MATERIAL PROVIDED:
____

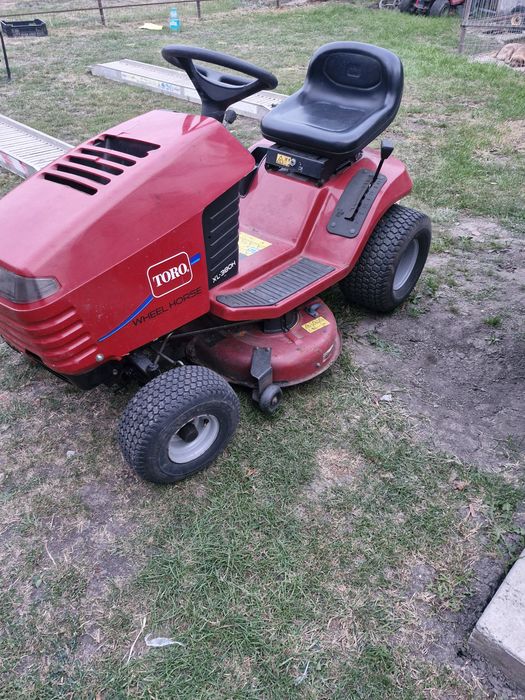 Tractoras gazon toro.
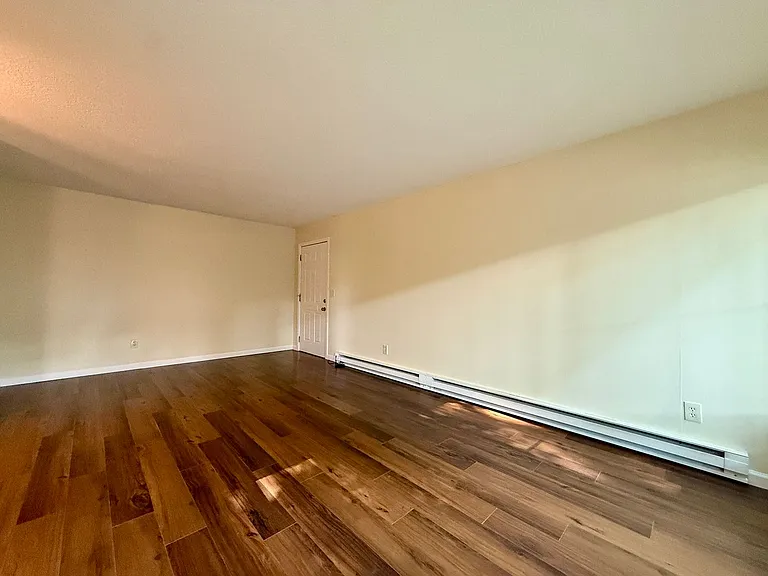 1626-1646 SE Ash St. Portland, OR 97214 — Photo 5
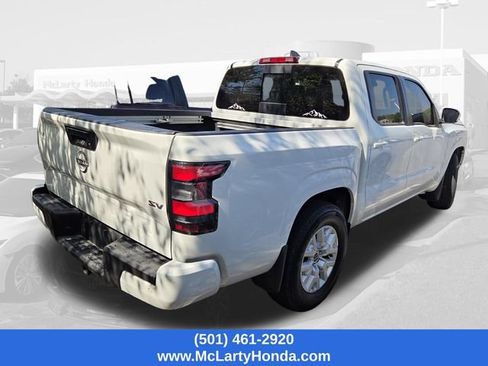 Used 2024 Nissan Frontier SV w/ SV Convenience Package RWD image 4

____

AIM OF THE TASK: The answer must be the full listing, exact in every line, with the pictures removed.

COMPLETED EXERCISE:
 Tractoras gazon toro.
 1626-1646 SE Ash St. Portland, OR 97214 — Photo 5
 Used 2024 Nissan Frontier SV w/ SV Convenience Package RWD image 4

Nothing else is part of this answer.